The variables were selected using forward variable selection based on the p value. Multivariate logistic regression analysis was performed to evaluate the predictive factors of AMNs by including age, the CEA level, the nodularity and calcification in CT, the tumor size, the laterality, and the presence of mucinous ascites (Table 3). Appendiceal appearance was considered a self-predictor due to its high correlation (C-value, 0.946). A scoring system was designed based on OR values of the above factors as shown in Table 4, which included age≥40y (aOR 7.402, 95% CI 2.688-25.003), elevated serum CEA (aOR 9.142, 95% CI 2.627-23.617), tumor size in US<12 cm (aOR 3.789, 95% CI 1.298-34.757), presence of ascites in CT (aOR 4.442, 95% CI 0.475-11.293), multiple nodularity in CT(aOR 6.603, 95% CI 0.499-11.514), calcification in CT (aOR 5.347, 95% CI 1.204-89.433), positive occult blood in the stool (aOR 2.208, 95% CI 0.265-5.432) and bilateral ovarian involvement during surgery (aOR 5.474, 95% CI 0.882-8.476). The sensitivities and specificities of different scores were shown in Table 5 and the ROC curve of the scoring system was shown in Figure 1, the AUC was 0.899, which presented a good performance. The scoring system displayed the best performance during the performance analysis when the cutoff value was established at 8 points, with specificity of 0.829, sensitivity of 0.786 and accuracy of 0.814 in differentiating AMNs.

TABLE 3
www.frontiersin.org

Table 3 The predictive factors of the AMNs were evaluated by multivariate analysis.

TABLE 4
www.frontiersin.org

Table 4 A pre- and intraoperative clinical characteristics scoring system for differentiating AMNs from POMTs.

TABLE 5
www.frontiersin.org

Table 5 Presentation of different cut-off scores.

FIGURE 1
www.frontiersin.org

Figure 1 ROC curve of the scoring system was shown. The AUC was 0.899.

Discussion

The present study reviewed 70 patients in the Department of Gynecology who were preoperatively misdiagnosed with ovarian tumors but were confirmed to have AMNs on final pathology and 140 diagnosed with POMTs during the same period. The clinical characteristics and intraoperative findings demonstrated that there were some significant differences in the AMN group compared with the control POMT group. However, distinguishing AMNs from ovarian tumors preoperatively is still challenging because of the nonspecific clinical manifestation and laboratory examination findings in the patients who have AMNs. AMNs could be confused with adnexal masses based on the imaging findings due to the close location, and AMNs always metastasize to ovaries (23). The surgical findings and intraoperative frozen pathology results of the appendix during surgery could give gynecologists some hints to determine the possibility of an AMN because the characteristics of AMNs can mimic the characteristics of ovarian tumors intraoperative.

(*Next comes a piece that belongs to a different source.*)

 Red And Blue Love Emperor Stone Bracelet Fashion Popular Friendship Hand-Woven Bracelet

Of the various demographic characteristics that were evaluated, age, duration of symptoms, and menstrual status differed between the study groups. The median age of the patients in the AMN group was 58.4 years, which is consistent with a previous study that reported that the median age at diagnosis was 59.6 years (24). Compared with AMNs and other epithelial ovarian cancers, POMT patients are generally younger at diagnosis and presentation, and the majority of patients (65–80%) are in stage I disease, which also explains the difference in the menopausal status between the two groups (25). Both tumors are often asymptomatic in the early stage due to their slow growth rate and deep location within the pelvis. Some patients have nonspecific symptoms, such as abdominal pain, distention, and increasing girth, and these symptoms are usually associated with tumor rupture, mucous accumulation from tumor implantation, or the large volume of the tumor.

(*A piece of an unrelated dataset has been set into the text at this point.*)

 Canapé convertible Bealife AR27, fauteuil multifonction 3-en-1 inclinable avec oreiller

Our analysis of serum tumor markers demonstrated that CA125 and CA199 are not useful in differentiating AMN and POMT because CA125 and CA199 can be elevated in patients with any source of peritoneal irritation and mucinous tumors; therefore, these markers hence lack specificity (7). A higher level of CEA can be a strong indicator of an AMN. However, CEA may also be elevated when there is a POMT (25) or other gastrointestinal (GI) tumors. Several publications have focused on the roles of CEA, CA199, and CA125 in the primary evaluation, follow-up, treatment evaluation, and prognosis prediction for patients who have appendiceal tumors (26), but few studies have focused on using these markers for diagnosis. It is still necessary for the gynecologist to consider that a pelvic mass may not originate from the adnexa when a patient has an abnormally elevated CEA level found in the preoperative examination. The fecal occult blood test and gastrointestinal endoscopy are commonly performed to exclude GI-originated tumors. Even though there was a significant difference in the results of the fecal occult blood tests between the two groups, this test did not help in determining the origin of the primary tumor due to the inaccuracy of this test. However, a positive result could help to determine the possibility of a tumor originated from gastrointestinal tract and if a patient needs a gastrointestinal endoscopy exam. None of our preoperative colonoscopies definitively diagnosed an AMN, except for three of 21 patients who were shown to have cecal ulcers on endoscopy but with no meaningful pathology. Although colonoscopy rarely yields a diagnostic biopsy (27), it is still recommended to be performed, especially given the similar histological structure between the colon and appendix (26).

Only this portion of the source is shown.